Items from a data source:
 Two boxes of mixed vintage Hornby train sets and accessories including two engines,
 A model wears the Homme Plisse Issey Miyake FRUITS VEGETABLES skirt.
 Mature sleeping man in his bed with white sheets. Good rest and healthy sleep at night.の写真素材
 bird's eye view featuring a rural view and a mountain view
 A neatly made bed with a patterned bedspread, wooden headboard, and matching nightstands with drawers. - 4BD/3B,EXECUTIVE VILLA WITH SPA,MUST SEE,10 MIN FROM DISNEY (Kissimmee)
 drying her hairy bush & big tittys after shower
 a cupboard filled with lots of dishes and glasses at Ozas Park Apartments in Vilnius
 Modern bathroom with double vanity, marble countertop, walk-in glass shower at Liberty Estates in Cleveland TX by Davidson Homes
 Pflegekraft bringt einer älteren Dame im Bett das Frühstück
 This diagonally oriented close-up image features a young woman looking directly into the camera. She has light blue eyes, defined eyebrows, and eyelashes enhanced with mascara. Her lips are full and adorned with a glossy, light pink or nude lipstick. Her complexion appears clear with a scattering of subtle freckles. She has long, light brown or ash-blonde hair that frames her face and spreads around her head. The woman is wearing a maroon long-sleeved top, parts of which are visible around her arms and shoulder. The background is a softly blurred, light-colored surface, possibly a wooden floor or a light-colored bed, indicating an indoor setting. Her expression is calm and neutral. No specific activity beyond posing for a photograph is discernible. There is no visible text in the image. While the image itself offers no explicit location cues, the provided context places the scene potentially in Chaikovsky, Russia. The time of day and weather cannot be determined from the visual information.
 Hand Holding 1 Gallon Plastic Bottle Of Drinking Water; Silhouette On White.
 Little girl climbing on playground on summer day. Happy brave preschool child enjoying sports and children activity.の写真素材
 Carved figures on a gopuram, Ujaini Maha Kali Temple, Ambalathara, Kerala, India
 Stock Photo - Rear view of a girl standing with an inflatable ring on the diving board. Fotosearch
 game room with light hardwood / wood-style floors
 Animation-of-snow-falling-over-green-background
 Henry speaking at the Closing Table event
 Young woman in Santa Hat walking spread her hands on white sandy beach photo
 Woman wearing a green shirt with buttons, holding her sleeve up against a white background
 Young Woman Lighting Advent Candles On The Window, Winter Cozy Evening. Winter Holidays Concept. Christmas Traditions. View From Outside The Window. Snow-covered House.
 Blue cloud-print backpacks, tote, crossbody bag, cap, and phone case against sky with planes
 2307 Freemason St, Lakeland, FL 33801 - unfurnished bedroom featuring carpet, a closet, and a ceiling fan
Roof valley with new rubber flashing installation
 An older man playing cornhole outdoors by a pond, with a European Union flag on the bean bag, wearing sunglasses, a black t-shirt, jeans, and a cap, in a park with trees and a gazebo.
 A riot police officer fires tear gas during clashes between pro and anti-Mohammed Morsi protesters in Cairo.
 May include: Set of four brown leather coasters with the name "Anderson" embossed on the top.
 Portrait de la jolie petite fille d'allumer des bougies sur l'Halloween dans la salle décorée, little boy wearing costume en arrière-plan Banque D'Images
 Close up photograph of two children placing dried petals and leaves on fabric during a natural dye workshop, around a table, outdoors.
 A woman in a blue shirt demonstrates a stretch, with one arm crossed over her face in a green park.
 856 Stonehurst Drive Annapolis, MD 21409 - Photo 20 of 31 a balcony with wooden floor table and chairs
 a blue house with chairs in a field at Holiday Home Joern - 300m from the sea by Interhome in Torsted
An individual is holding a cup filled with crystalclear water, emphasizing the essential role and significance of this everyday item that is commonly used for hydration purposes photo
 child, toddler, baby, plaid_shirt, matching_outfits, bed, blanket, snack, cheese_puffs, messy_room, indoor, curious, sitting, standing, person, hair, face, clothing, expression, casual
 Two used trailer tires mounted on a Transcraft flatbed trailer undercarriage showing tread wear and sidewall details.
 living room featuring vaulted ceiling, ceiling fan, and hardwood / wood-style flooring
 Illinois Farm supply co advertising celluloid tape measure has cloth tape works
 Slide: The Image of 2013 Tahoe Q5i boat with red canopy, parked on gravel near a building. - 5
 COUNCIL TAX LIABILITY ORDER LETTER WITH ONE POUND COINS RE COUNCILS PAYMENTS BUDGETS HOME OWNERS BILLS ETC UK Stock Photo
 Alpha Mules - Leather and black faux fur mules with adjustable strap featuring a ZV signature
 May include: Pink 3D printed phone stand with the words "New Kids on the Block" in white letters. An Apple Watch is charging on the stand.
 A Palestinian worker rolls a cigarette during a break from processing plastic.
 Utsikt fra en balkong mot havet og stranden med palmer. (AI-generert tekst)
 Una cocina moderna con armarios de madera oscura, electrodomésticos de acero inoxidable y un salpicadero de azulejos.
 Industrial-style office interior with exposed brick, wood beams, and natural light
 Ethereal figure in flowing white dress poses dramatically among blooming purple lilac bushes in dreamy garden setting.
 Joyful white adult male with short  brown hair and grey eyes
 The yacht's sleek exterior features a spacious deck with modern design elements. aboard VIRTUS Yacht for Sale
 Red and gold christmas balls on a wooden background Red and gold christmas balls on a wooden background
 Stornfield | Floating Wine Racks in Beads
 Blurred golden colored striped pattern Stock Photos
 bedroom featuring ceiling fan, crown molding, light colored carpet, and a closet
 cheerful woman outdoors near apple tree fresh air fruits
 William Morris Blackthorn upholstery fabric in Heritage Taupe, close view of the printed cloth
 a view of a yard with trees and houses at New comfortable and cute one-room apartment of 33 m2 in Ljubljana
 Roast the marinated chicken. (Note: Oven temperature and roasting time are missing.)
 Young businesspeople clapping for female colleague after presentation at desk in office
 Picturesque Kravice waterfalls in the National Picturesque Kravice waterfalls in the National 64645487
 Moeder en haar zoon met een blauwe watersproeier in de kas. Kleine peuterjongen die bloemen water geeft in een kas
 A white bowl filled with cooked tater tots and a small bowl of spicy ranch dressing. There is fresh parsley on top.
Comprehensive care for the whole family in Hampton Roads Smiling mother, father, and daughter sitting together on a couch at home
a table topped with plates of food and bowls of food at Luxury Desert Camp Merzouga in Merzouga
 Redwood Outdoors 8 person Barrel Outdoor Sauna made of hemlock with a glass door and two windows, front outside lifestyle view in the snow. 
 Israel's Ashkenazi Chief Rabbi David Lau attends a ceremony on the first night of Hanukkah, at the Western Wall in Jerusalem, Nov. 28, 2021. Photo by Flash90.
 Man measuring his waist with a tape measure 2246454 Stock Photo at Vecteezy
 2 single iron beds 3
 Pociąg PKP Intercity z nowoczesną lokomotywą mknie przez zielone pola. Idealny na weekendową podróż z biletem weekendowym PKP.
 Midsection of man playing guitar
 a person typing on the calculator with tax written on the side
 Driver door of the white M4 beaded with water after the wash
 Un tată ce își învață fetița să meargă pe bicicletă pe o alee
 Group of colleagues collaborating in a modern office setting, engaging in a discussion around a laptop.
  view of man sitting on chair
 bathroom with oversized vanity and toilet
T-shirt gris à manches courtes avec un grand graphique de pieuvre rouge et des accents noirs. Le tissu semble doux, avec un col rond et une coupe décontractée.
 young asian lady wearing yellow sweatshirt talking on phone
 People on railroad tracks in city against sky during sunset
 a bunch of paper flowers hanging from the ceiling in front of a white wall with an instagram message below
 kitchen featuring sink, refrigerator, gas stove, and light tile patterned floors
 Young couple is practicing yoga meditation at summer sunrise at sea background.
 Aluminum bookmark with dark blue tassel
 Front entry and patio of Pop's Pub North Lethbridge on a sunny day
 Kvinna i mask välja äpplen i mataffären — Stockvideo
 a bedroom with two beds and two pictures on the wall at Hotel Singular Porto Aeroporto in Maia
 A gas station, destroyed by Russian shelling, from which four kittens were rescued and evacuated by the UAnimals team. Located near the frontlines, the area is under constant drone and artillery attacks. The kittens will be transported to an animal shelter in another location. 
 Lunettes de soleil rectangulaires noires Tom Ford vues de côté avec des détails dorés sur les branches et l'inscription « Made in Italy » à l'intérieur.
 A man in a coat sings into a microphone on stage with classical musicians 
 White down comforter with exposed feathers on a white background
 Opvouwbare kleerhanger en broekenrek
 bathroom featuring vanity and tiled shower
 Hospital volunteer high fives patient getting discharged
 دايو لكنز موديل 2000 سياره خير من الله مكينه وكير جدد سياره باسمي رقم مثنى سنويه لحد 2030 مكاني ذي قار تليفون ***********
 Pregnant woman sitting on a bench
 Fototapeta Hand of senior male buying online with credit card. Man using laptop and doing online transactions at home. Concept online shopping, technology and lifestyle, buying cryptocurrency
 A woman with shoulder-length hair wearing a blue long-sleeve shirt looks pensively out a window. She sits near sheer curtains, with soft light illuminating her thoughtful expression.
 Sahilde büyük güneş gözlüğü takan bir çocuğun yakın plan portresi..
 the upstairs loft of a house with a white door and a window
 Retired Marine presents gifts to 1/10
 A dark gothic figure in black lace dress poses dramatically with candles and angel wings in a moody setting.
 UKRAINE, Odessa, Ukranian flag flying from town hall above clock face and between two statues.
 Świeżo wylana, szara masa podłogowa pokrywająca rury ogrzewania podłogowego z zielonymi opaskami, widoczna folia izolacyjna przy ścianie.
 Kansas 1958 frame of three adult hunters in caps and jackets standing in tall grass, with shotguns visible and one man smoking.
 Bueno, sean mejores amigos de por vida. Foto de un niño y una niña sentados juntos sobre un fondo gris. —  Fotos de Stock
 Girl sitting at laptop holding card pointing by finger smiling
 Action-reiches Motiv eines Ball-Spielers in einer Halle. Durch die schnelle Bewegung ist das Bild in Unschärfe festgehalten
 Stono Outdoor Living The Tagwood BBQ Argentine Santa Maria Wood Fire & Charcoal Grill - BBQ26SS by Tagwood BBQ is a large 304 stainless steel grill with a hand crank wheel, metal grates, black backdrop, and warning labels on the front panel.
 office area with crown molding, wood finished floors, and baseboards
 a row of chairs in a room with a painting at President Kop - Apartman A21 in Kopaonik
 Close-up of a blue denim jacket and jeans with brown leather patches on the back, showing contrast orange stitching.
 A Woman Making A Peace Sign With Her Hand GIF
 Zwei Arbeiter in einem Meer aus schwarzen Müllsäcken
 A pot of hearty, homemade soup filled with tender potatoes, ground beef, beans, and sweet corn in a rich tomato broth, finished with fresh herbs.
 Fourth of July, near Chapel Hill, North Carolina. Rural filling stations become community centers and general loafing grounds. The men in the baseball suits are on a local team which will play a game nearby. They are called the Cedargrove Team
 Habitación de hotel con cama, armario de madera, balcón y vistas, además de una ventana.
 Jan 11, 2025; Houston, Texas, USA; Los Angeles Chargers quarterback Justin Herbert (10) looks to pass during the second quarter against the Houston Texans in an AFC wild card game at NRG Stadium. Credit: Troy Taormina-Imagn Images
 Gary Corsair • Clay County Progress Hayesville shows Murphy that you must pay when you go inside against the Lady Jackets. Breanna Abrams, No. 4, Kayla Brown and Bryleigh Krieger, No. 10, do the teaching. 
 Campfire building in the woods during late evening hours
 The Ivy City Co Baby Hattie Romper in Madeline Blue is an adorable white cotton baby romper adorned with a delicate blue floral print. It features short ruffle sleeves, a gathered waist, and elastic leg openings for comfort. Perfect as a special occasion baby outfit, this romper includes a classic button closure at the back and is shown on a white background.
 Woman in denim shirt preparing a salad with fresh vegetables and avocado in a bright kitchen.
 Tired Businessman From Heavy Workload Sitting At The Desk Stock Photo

◆ Exercise:
Your task is to reproduce the entries exactly, starting at the first line and ending with the line containing "bird's eye view".

◆ Written answer:
 Two boxes of mixed vintage Hornby train sets and accessories including two engines,
 A model wears the Homme Plisse Issey Miyake FRUITS VEGETABLES skirt.
 Mature sleeping man in his bed with white sheets. Good rest and healthy sleep at night.の写真素材
 bird's eye view featuring a rural view and a mountain view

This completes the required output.